RECORDS -
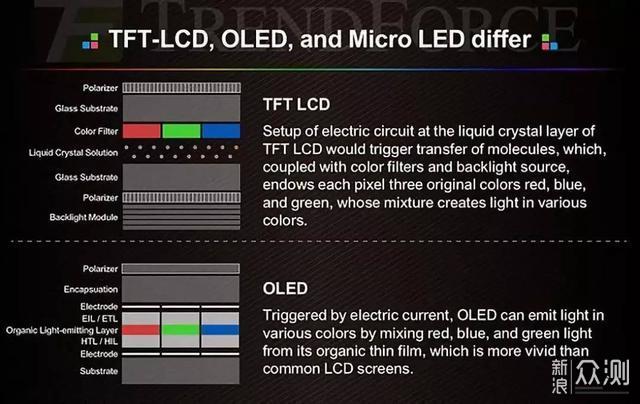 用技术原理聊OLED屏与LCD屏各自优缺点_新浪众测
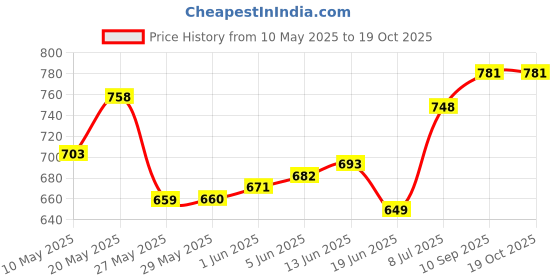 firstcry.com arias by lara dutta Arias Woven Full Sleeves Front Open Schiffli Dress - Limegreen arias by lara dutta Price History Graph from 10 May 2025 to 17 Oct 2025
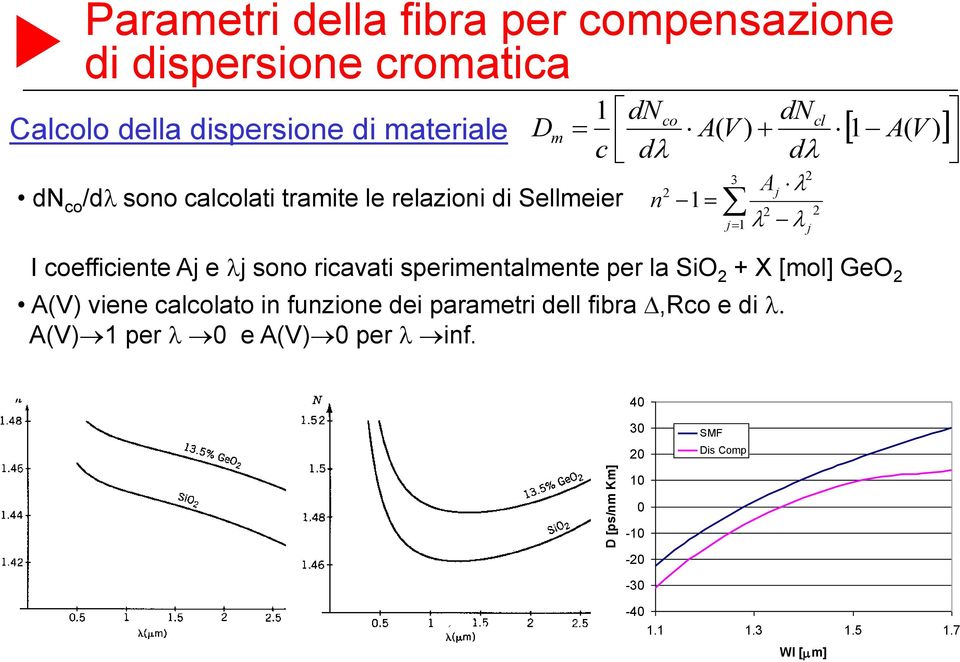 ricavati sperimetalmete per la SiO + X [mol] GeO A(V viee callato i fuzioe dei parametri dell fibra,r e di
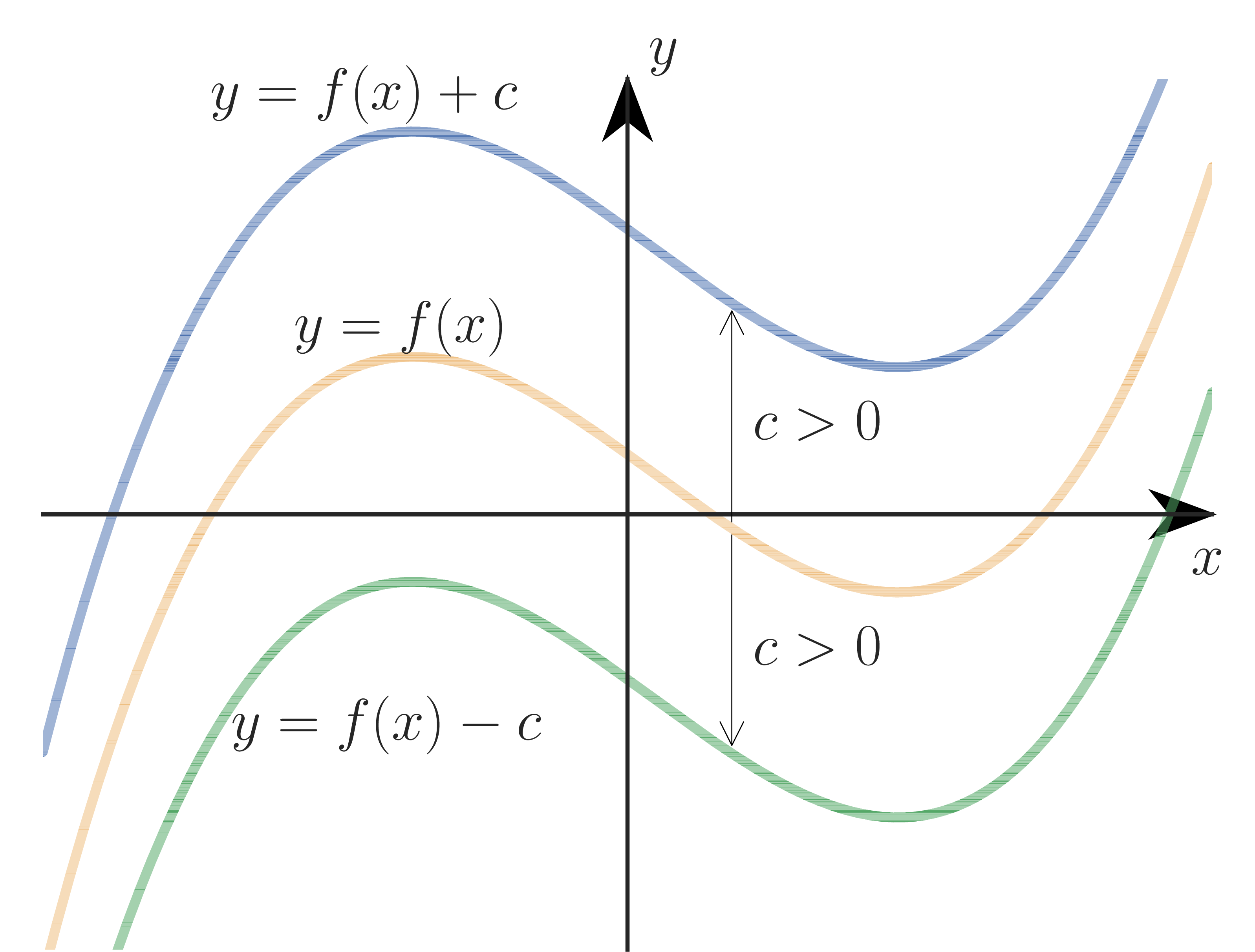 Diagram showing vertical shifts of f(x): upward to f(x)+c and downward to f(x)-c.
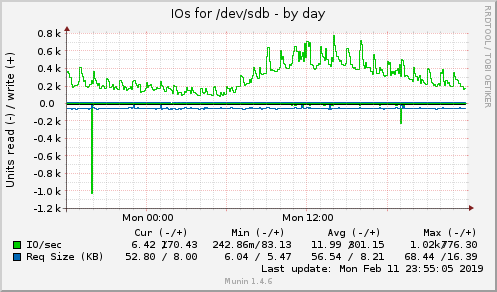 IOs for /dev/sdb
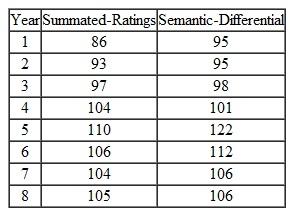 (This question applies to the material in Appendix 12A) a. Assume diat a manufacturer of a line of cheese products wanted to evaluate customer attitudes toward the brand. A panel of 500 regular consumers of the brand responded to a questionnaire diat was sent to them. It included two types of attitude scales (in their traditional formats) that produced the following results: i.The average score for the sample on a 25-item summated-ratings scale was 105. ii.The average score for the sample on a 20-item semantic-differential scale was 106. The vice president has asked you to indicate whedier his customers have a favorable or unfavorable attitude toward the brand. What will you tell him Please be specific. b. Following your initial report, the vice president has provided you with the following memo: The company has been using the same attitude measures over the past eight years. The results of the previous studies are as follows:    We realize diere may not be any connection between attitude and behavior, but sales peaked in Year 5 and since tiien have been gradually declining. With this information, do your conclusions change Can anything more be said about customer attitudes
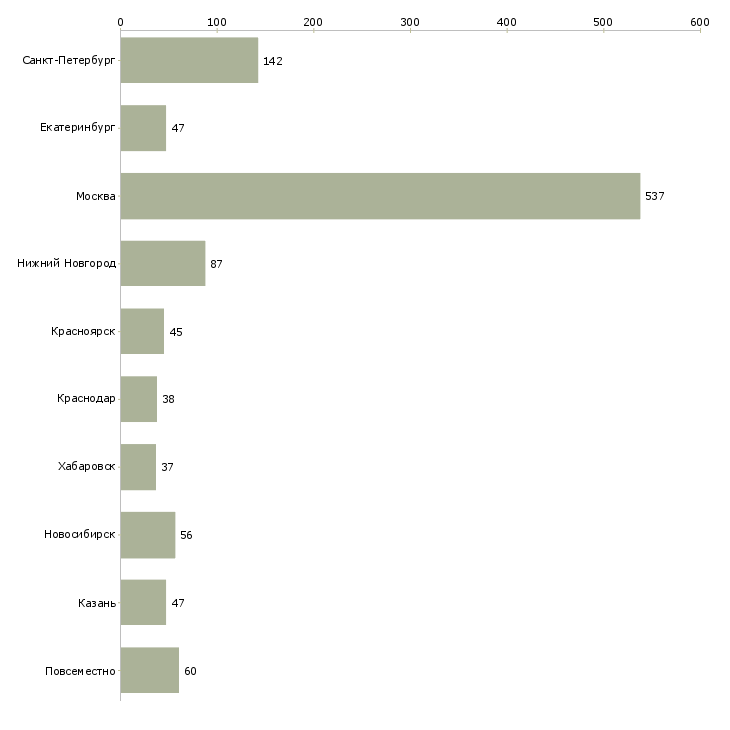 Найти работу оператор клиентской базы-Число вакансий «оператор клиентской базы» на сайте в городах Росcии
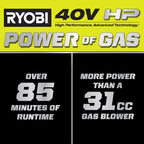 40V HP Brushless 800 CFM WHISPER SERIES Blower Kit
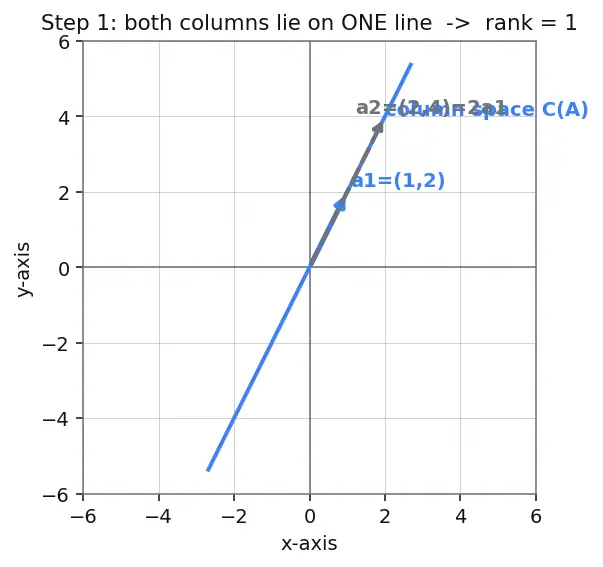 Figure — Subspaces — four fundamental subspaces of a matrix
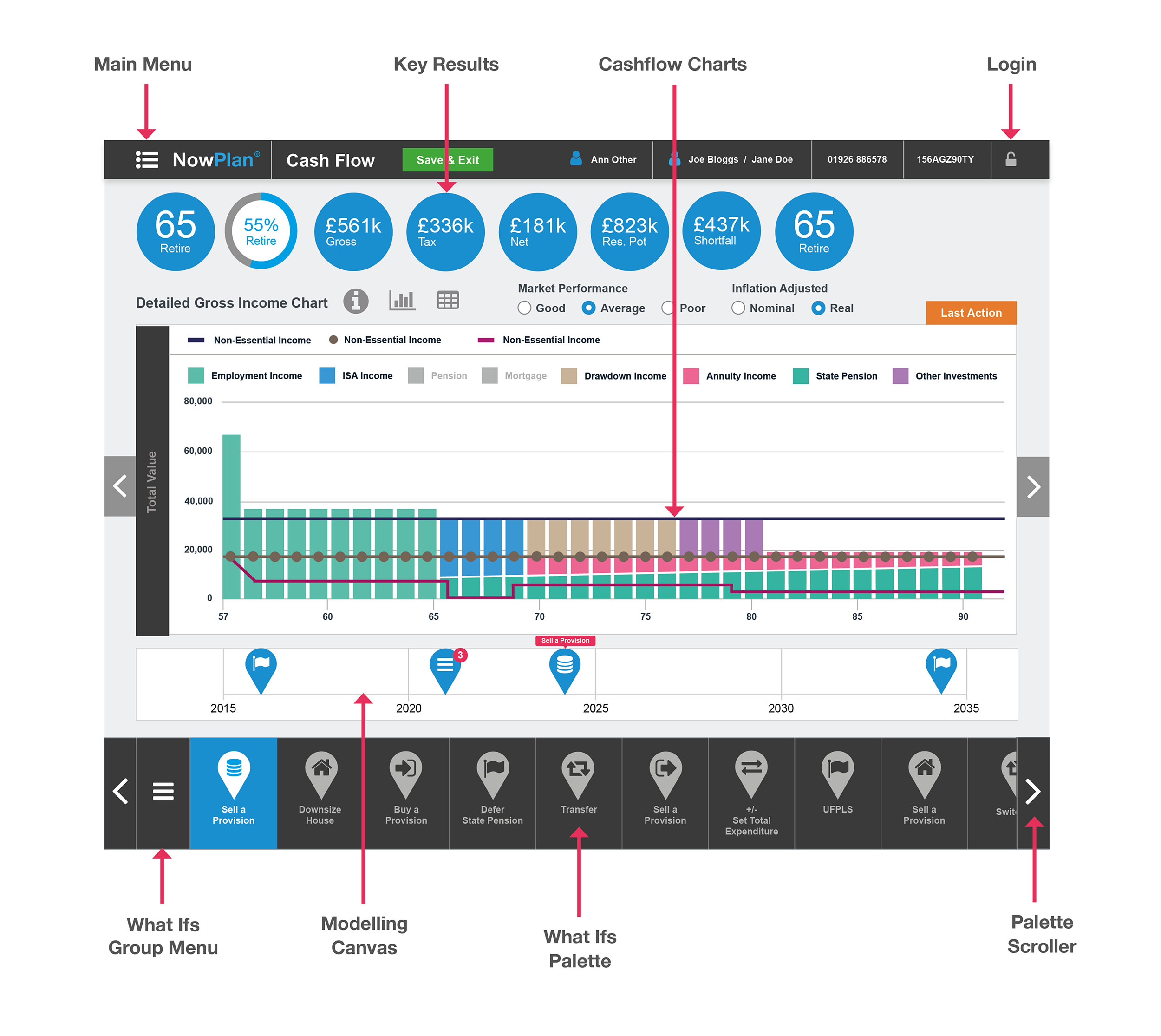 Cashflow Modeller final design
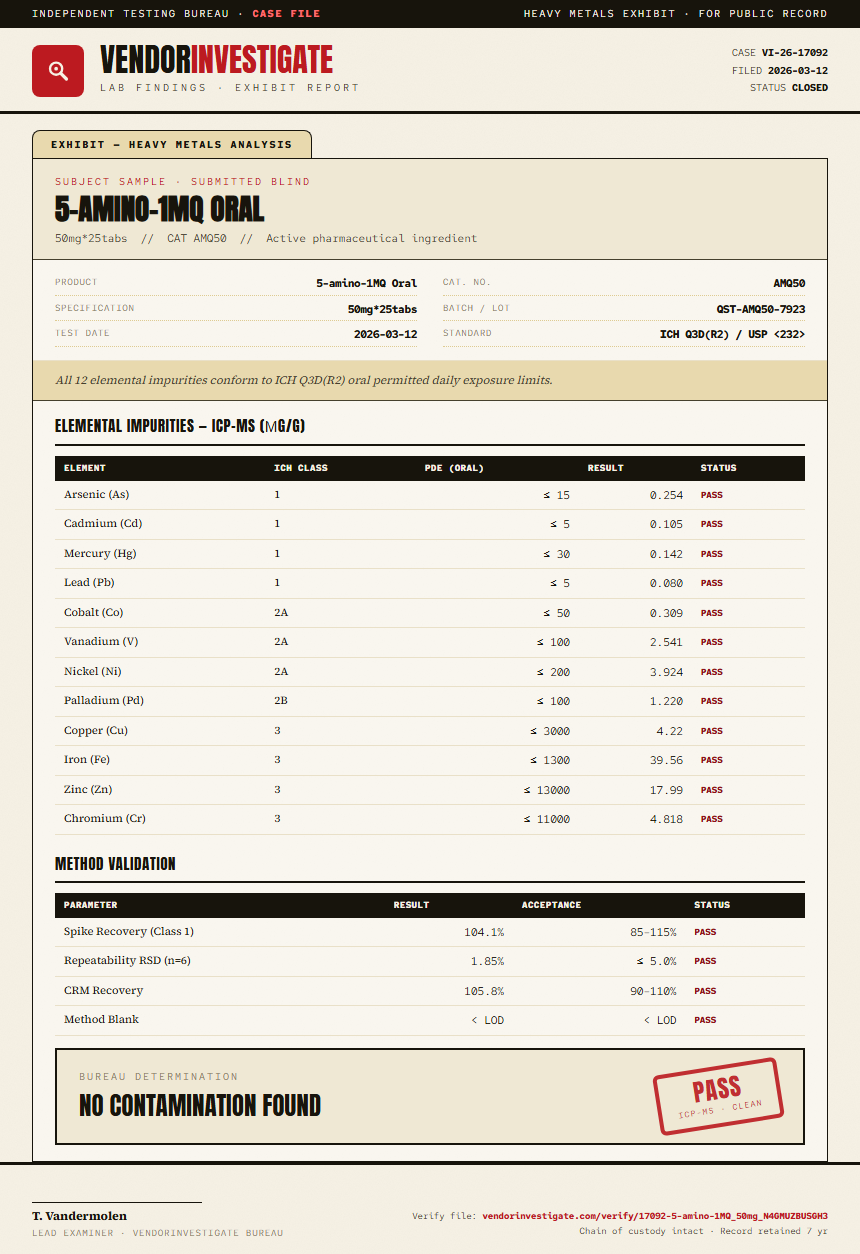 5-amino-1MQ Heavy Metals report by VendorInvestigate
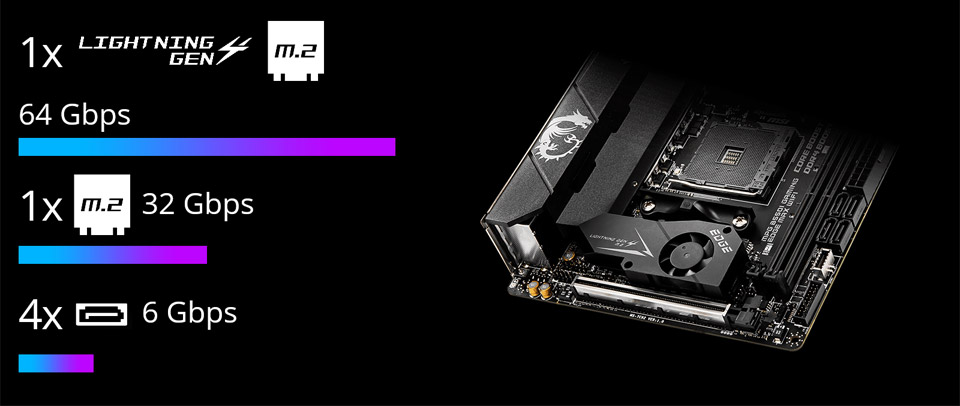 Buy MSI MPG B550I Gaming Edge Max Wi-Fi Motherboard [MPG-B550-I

HOW TO COMPLETE THIS TASK - Please retype the lines from the one containing "Figure — Subspaces" through the last line of the records above, exactly as written, and leave out any pictures.

WRITTEN REPLY -
 Figure — Subspaces — four fundamental subspaces of a matrix
 Cashflow Modeller final design
 5-amino-1MQ Heavy Metals report by VendorInvestigate
 Buy MSI MPG B550I Gaming Edge Max Wi-Fi Motherboard [MPG-B550-I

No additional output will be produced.